Comme le veut désormais la tradition au sein de la CRM, la société civile s’est organisée en amont pour réfléchir collectivement à la coordination de stratégies pour faire face aux atteintes aux droits des femmes dans les territoires. Pendant plus de six mois, des féministes d’Amérique latine et des Caraïbes ont préparé le Forum féministe, qui a réuni plus de 400 femmes le 10 août dernier.

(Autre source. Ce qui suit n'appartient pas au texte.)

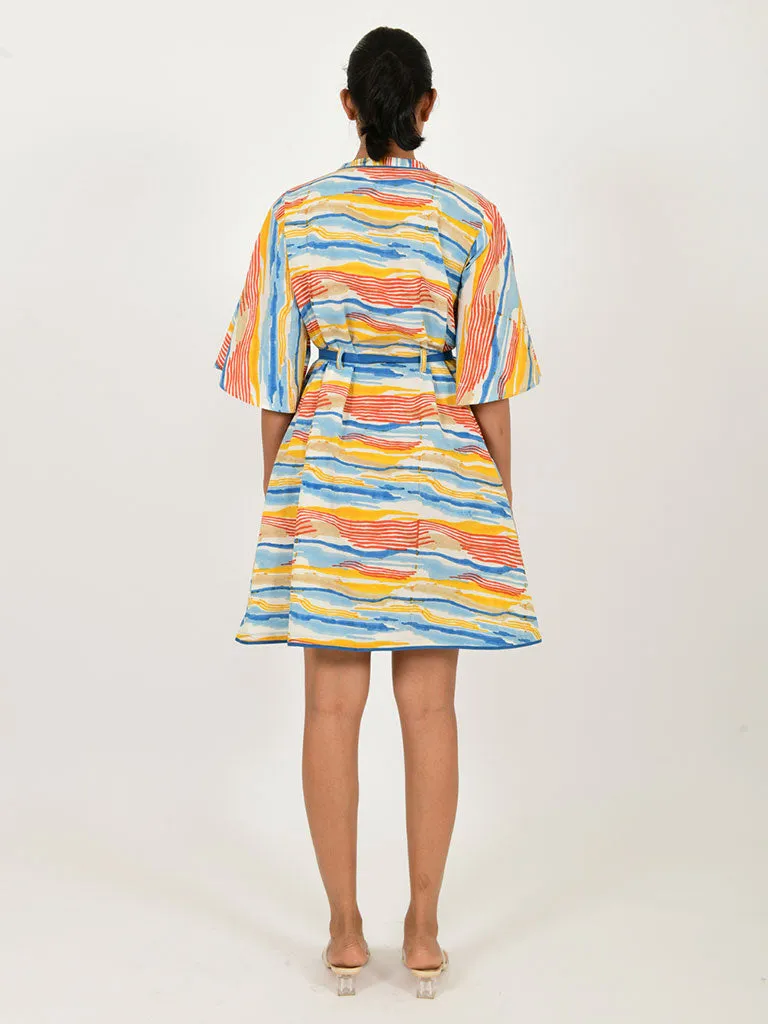 Wave Tie Up Dress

La déclaration finale, construite collectivement, a dénoncé le fait que les profondes inégalités auxquelles sont confrontées les femmes dans la région sont liées aux relations de pouvoir héritées du colonialisme, qui se manifestent aujourd’hui sous de nouvelles formes de néocolonialisme telles que l’extractivisme, l’endettement perpétuel et la spoliation des biens communs. L’inaction des États et des organismes multilatéraux face aux guerres, aux génocides et aux crises humanitaires, comme en Palestine, au Yémen, en Haïti ou en Ukraine, a également été soulevée, et une politique fiscale fondée sur la justice féministe et la redistribution des ressources publiques vers celles qui ont été historiquement exclues a été exigée. En outre, des espaces de dialogue horizontal ont été créés, comme le « Pavillon du soin ». Ces derniers ont permis partager des solutions issues des territoires, qui placent le soin et la durabilité de la vie au cœur du dialogue, à partir d’approches intersectionnelles telles que l’antiracisme, l’anti-capacitisme et celles des peuples autochtones et indigènes. 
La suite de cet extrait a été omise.